[Opening SOURCE RECORDS section]
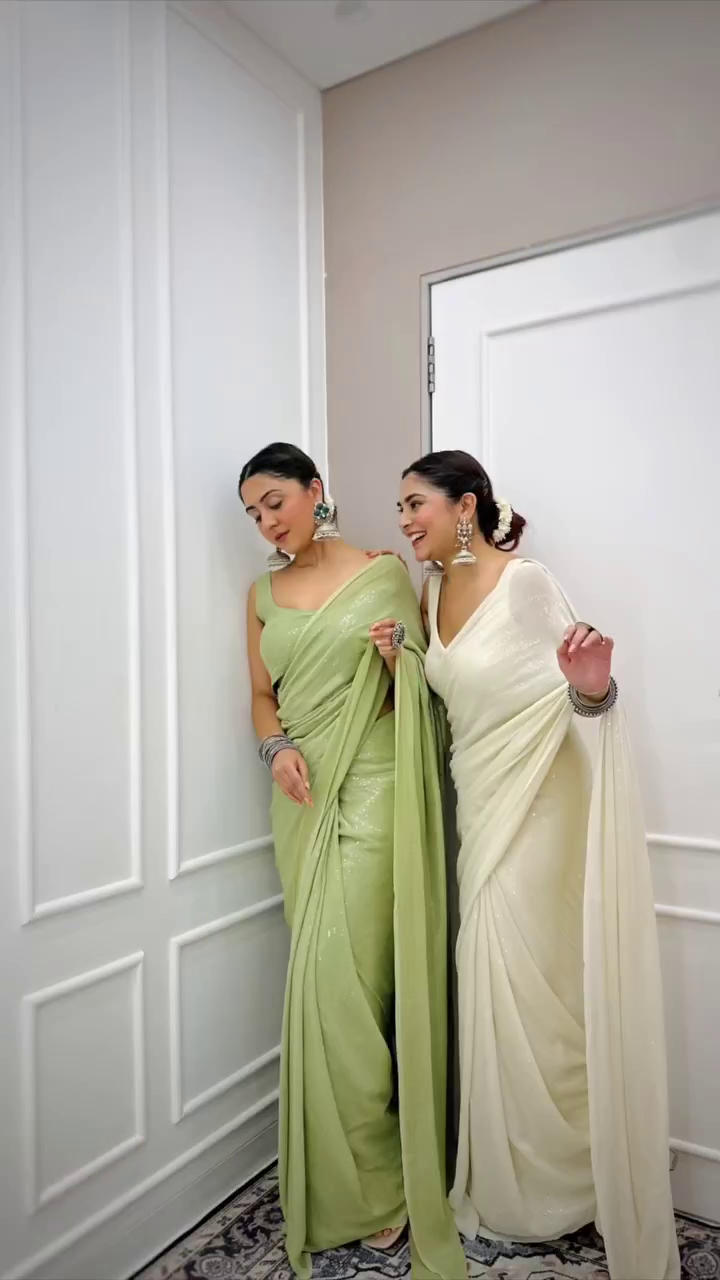 Smoke White And Green Sequin Saree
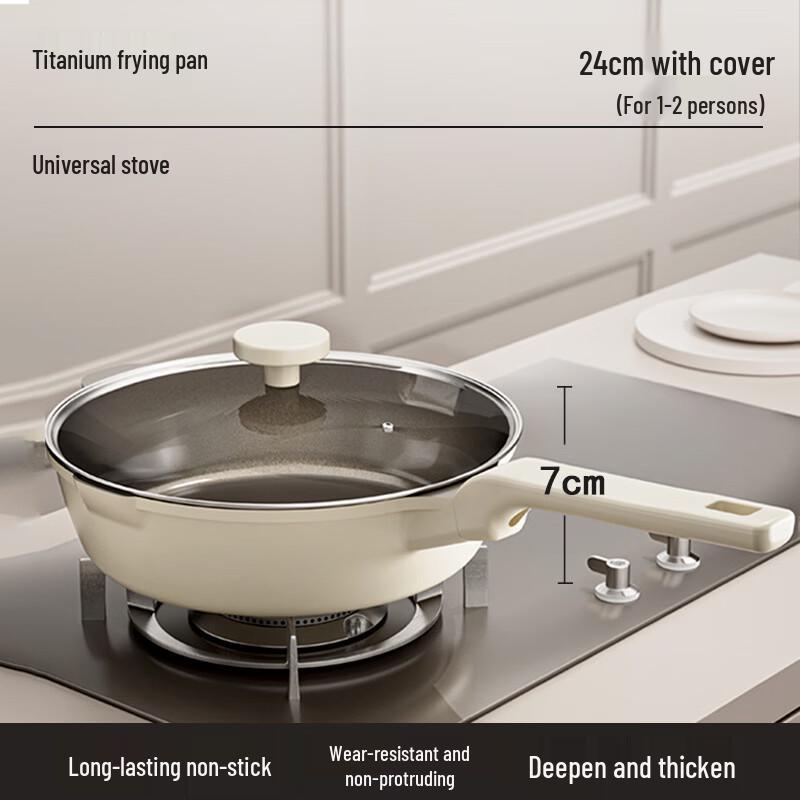 Сковорода Xiaocaiya из непокрытой титаново-керамической стали со стеклянной крышкой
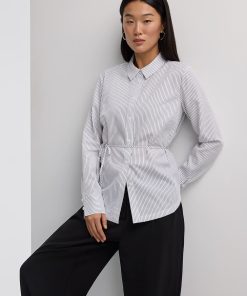 Striped Long-Sleeve Poplin Shirt with Self-Tie Sash
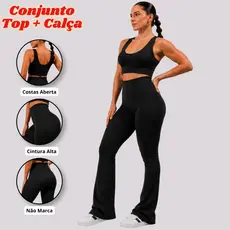 Conjunto Fitness Feminino Legging Cintura Alta e Top Zero Transparência Academia Treino São João
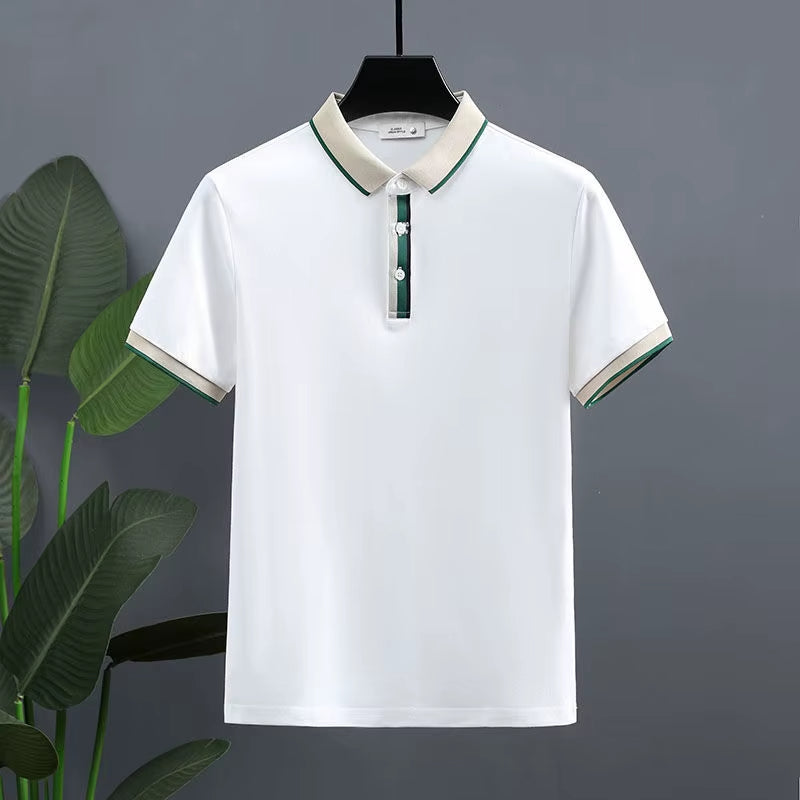 Polo homme en coton piqué avec détails contrastés, style décontracté - Mateo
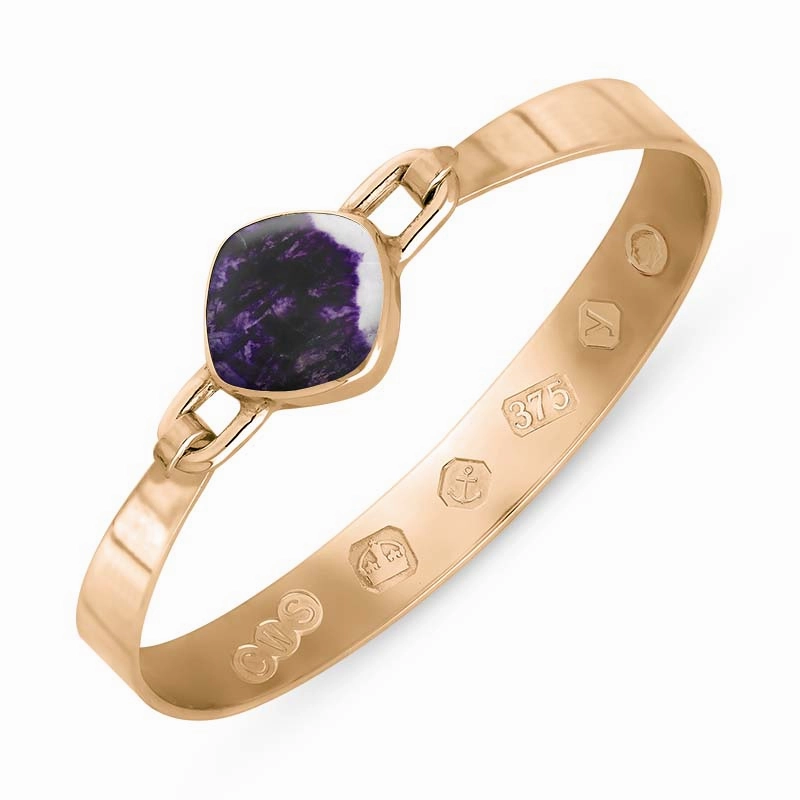 9ct Rose Gold Blue John King's Coronation Hallmark Wide Cushion Bangle D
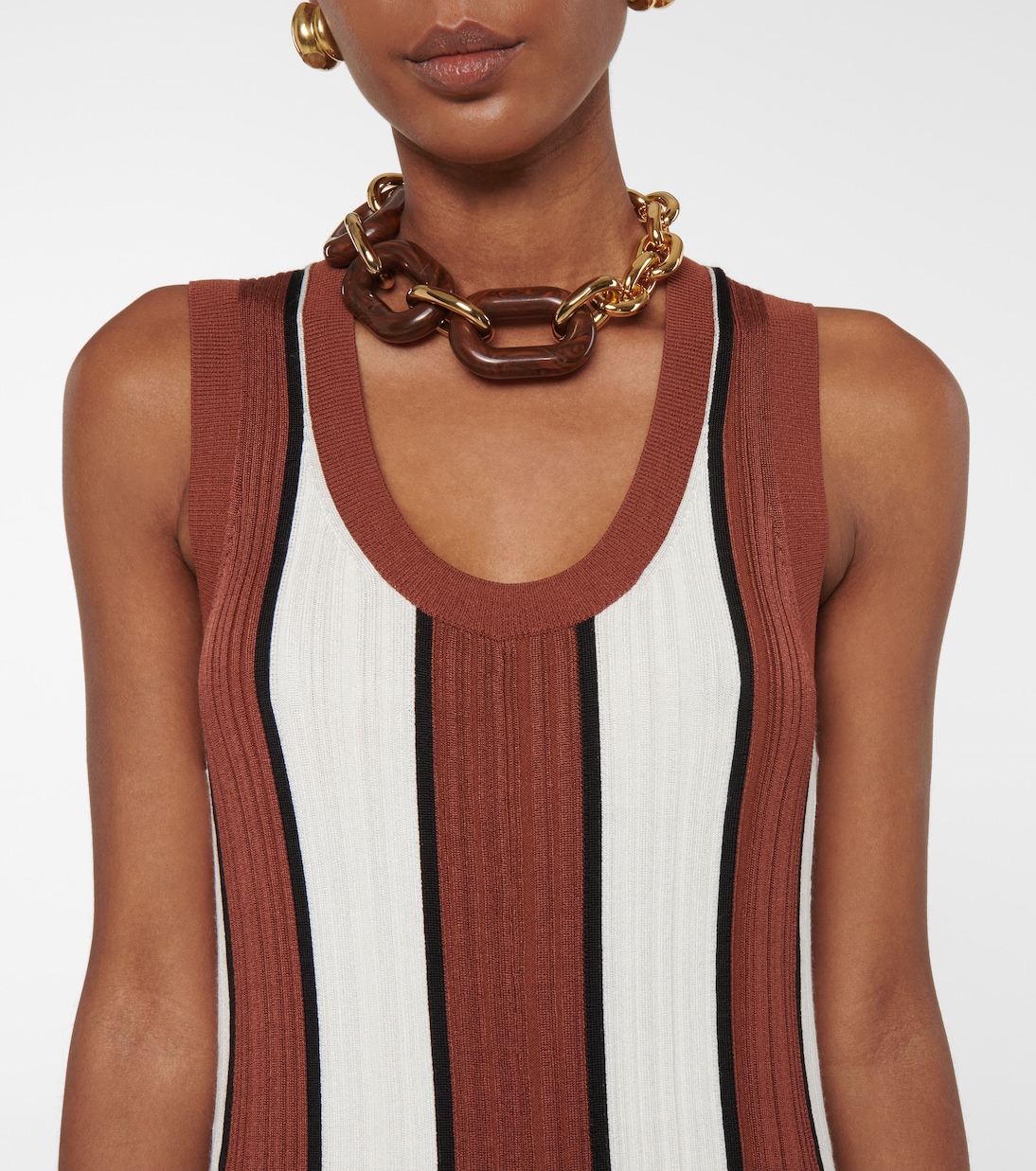 Ribbed-knit striped midi dress | Joseph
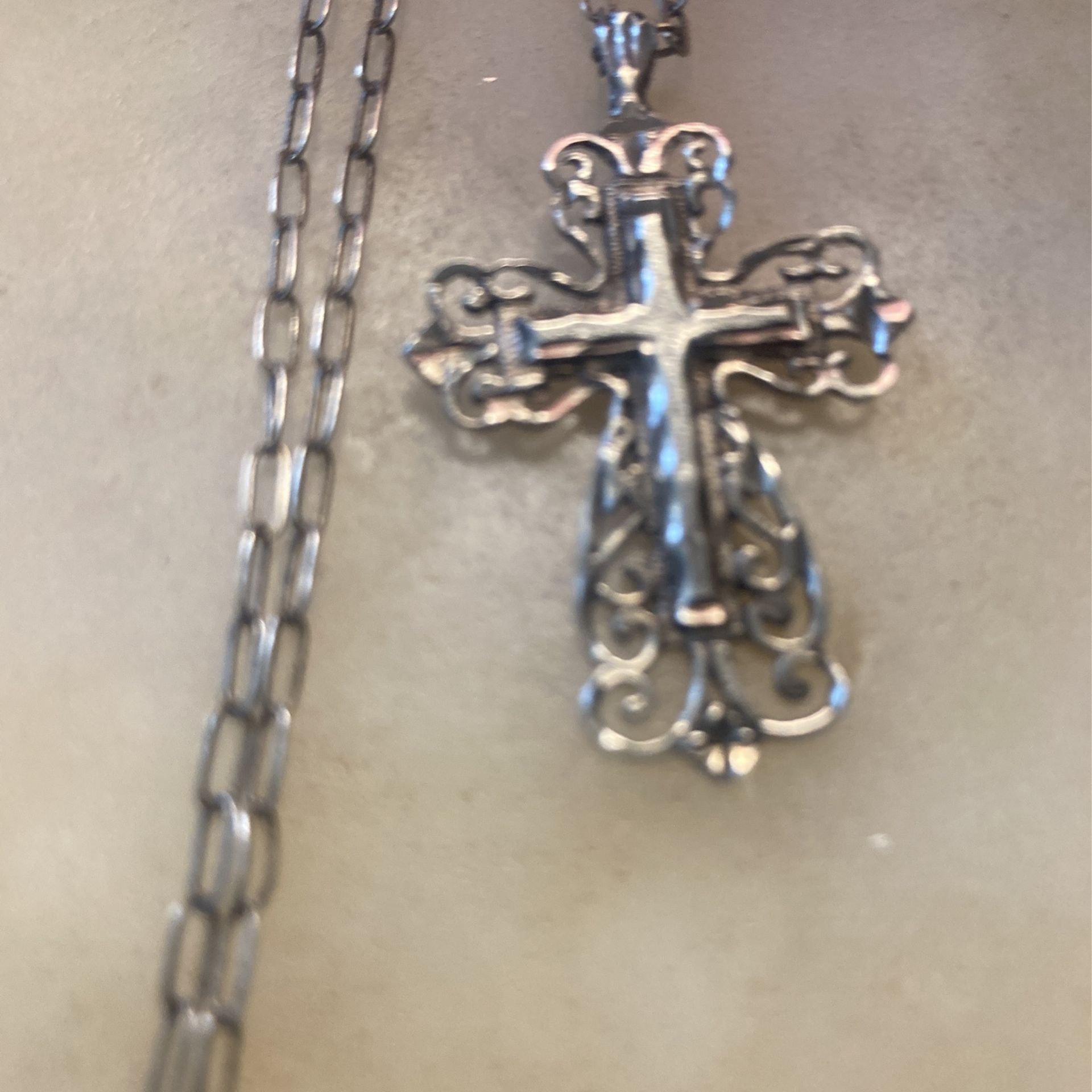 Art Nouveau Sterling Cross On A Chain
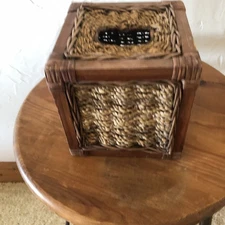 Tissue Box Cover Wood Wicker Rattan Brown Square Bohemian Beach Coastal Boho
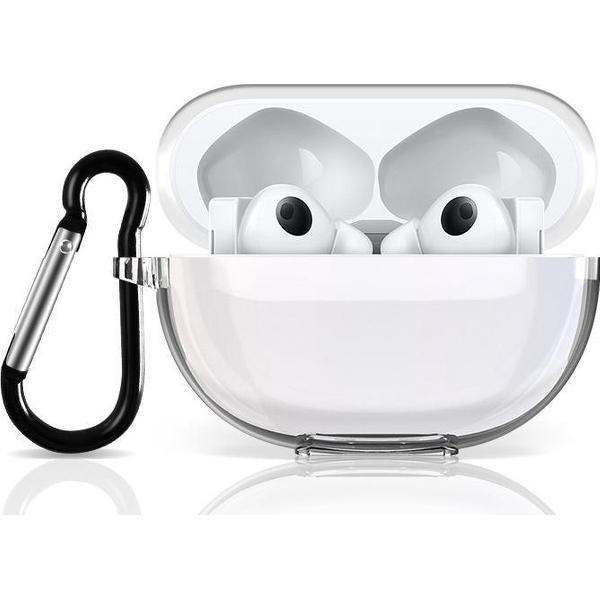 Huawei Freebuds Pro Hoesje – Past Enkel om de Witte Variant - Siliconen case met Clip – Transparant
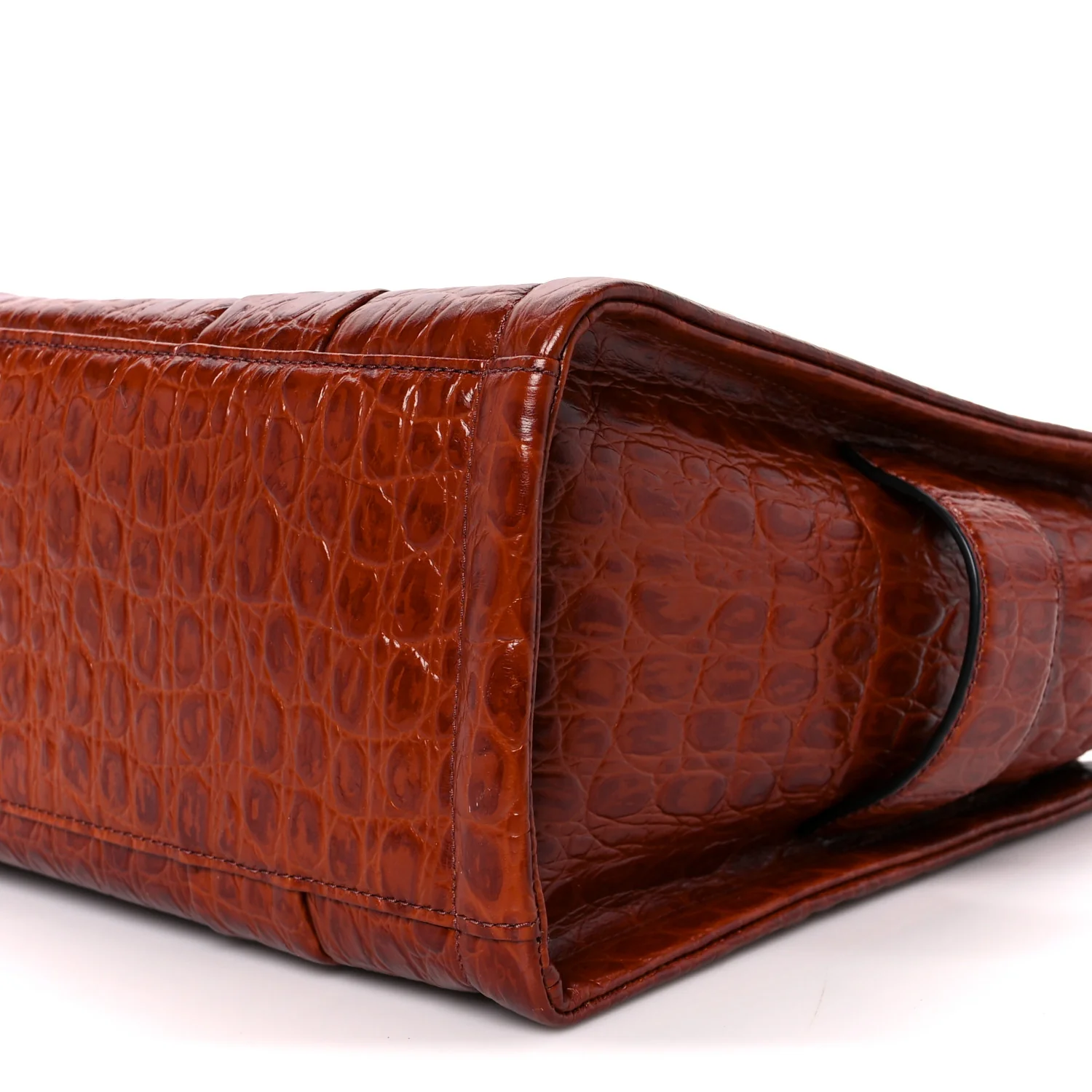 Croc Embossed Small The Tote Bag Spice Brown - Image 12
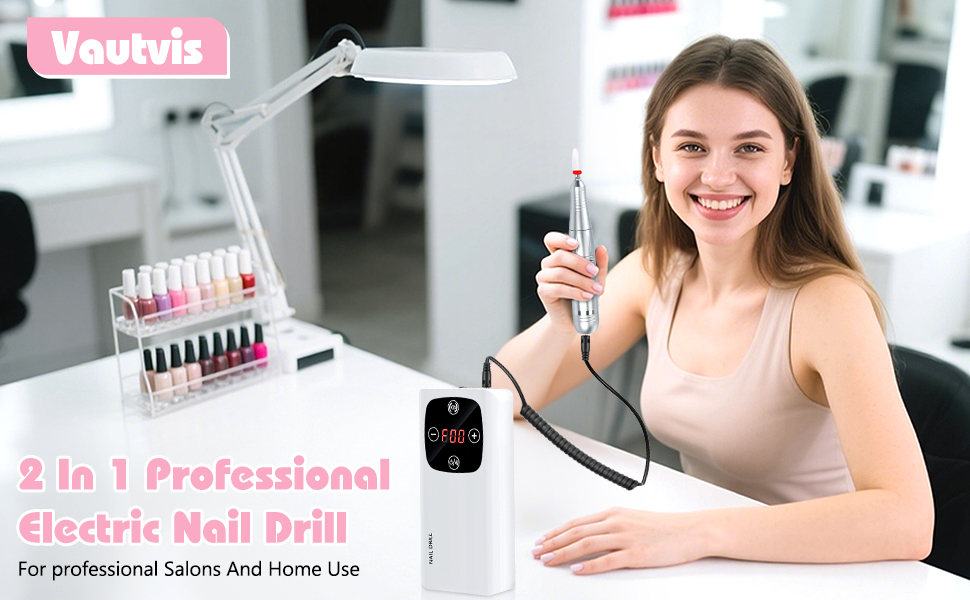 Електричний нагрівач для нігтів 2-в-1, професійний, 45000 об/хв, манікюрний набір, фрезер для гелю та акрилу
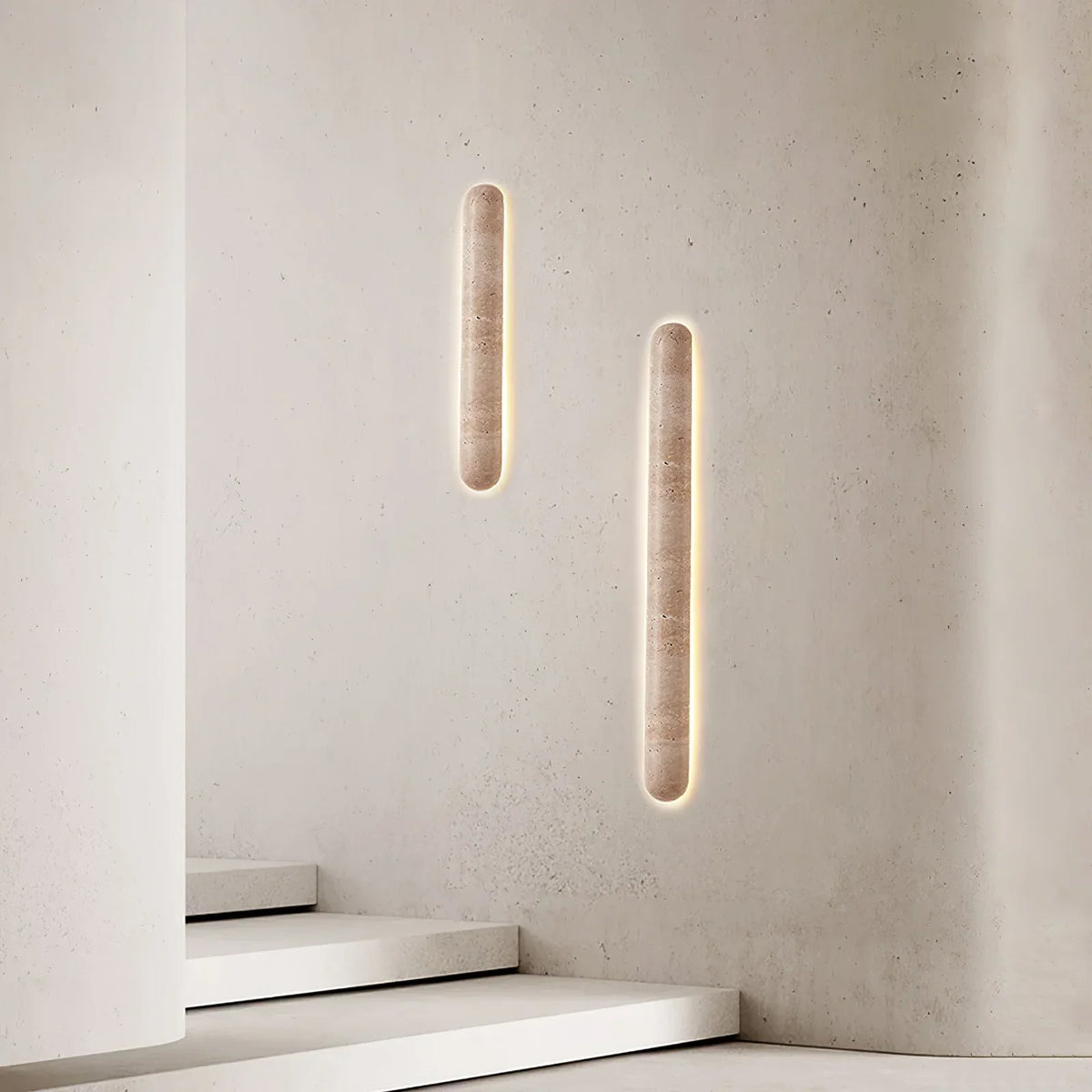 Pills Travertine Liora Wall Sconce – Travertine detail 6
[Closing SOURCE RECORDS section]
** WHAT THE TASK REQUIRES **
Reproduce, exactly and only, the lines of the records above starting at the line with "Tissue Box Cover" and ending at the line with "Croc Embossed Small", both included. Leave every picture out.

** PROBLEM SOLUTION **
 Tissue Box Cover Wood Wicker Rattan Brown Square Bohemian Beach Coastal Boho
 Huawei Freebuds Pro Hoesje – Past Enkel om de Witte Variant - Siliconen case met Clip – Transparant
 Croc Embossed Small The Tote Bag Spice Brown - Image 12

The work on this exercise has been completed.